Directions for this task => Among the records below, one line contains "MERCEDES-BENZ Klasa E"; copy that line and all that follow it, exactly as written.

Data in this exercise =>
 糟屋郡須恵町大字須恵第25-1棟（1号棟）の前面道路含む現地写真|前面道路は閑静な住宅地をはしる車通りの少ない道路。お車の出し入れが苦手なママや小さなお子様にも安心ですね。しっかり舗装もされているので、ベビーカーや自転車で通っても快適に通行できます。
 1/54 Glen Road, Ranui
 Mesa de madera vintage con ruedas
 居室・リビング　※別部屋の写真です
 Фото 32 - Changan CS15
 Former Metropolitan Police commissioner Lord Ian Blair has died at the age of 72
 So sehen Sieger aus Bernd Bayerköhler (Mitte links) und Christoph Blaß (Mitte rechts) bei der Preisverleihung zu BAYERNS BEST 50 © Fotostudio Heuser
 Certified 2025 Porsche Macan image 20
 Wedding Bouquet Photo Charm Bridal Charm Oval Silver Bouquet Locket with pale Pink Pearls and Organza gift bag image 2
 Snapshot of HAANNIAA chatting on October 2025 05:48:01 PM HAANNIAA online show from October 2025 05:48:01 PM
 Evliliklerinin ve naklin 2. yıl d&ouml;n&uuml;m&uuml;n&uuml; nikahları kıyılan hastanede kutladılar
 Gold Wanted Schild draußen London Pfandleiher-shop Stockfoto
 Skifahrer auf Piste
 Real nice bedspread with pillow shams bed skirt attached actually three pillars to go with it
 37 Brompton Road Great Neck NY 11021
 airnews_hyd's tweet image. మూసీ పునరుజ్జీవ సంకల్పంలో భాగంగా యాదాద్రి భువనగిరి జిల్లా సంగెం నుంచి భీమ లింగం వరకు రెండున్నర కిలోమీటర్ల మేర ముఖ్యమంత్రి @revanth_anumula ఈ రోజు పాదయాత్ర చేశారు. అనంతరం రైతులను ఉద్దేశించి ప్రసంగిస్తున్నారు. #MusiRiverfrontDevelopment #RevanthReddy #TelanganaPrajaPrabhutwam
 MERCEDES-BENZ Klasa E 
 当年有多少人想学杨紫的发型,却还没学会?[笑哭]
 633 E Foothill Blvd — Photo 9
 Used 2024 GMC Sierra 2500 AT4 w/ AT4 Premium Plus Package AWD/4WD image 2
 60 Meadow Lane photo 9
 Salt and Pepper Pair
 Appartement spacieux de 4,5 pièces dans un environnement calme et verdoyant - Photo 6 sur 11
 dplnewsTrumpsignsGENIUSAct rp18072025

Response to the task =>
 MERCEDES-BENZ Klasa E 
 当年有多少人想学杨紫的发型,却还没学会?[笑哭]
 633 E Foothill Blvd — Photo 9
 Used 2024 GMC Sierra 2500 AT4 w/ AT4 Premium Plus Package AWD/4WD image 2
 60 Meadow Lane photo 9
 Salt and Pepper Pair
 Appartement spacieux de 4,5 pièces dans un environnement calme et verdoyant - Photo 6 sur 11
 dplnewsTrumpsignsGENIUSAct rp18072025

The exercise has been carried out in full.